Dataset entries
[Start of Attachment]
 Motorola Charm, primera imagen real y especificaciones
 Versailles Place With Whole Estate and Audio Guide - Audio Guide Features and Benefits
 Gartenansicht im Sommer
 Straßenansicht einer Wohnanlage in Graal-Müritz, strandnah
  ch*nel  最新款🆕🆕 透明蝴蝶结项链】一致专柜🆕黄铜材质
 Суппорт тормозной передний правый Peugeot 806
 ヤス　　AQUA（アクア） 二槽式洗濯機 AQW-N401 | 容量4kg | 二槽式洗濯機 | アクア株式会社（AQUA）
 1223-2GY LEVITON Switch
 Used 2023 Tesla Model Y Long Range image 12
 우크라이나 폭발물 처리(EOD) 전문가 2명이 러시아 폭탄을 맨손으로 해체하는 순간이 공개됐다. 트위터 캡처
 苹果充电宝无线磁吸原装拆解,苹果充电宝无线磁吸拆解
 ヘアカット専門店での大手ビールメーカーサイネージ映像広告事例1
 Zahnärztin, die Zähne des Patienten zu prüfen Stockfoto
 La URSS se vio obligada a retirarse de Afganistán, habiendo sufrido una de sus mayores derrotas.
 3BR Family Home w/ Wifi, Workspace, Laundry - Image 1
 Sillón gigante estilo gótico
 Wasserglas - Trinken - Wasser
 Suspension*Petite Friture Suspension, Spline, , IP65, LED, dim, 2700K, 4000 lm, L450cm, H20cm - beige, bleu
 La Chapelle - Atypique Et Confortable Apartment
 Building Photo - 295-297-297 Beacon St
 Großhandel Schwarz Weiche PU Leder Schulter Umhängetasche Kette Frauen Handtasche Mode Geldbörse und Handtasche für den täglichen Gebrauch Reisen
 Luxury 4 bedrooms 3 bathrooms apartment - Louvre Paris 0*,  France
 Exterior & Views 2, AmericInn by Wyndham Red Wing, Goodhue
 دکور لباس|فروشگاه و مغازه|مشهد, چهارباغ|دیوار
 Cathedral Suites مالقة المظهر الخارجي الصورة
[End of Attachment]
== What you are asked to do ==
Each line from the one holding "Gartenansicht im Sommer" to the end of the data above goes into the answer exactly as written, and no other line does.

== Reply ==
 Gartenansicht im Sommer
 Straßenansicht einer Wohnanlage in Graal-Müritz, strandnah
  ch*nel  最新款🆕🆕 透明蝴蝶结项链】一致专柜🆕黄铜材质
 Суппорт тормозной передний правый Peugeot 806
 ヤス　　AQUA（アクア） 二槽式洗濯機 AQW-N401 | 容量4kg | 二槽式洗濯機 | アクア株式会社（AQUA）
 1223-2GY LEVITON Switch
 Used 2023 Tesla Model Y Long Range image 12
 우크라이나 폭발물 처리(EOD) 전문가 2명이 러시아 폭탄을 맨손으로 해체하는 순간이 공개됐다. 트위터 캡처
 苹果充电宝无线磁吸原装拆解,苹果充电宝无线磁吸拆解
 ヘアカット専門店での大手ビールメーカーサイネージ映像広告事例1
 Zahnärztin, die Zähne des Patienten zu prüfen Stockfoto
 La URSS se vio obligada a retirarse de Afganistán, habiendo sufrido una de sus mayores derrotas.
 3BR Family Home w/ Wifi, Workspace, Laundry - Image 1
 Sillón gigante estilo gótico
 Wasserglas - Trinken - Wasser
 Suspension*Petite Friture Suspension, Spline, , IP65, LED, dim, 2700K, 4000 lm, L450cm, H20cm - beige, bleu
 La Chapelle - Atypique Et Confortable Apartment
 Building Photo - 295-297-297 Beacon St
 Großhandel Schwarz Weiche PU Leder Schulter Umhängetasche Kette Frauen Handtasche Mode Geldbörse und Handtasche für den täglichen Gebrauch Reisen
 Luxury 4 bedrooms 3 bathrooms apartment - Louvre Paris 0*,  France
 Exterior & Views 2, AmericInn by Wyndham Red Wing, Goodhue
 دکور لباس|فروشگاه و مغازه|مشهد, چهارباغ|دیوار
 Cathedral Suites مالقة المظهر الخارجي الصورة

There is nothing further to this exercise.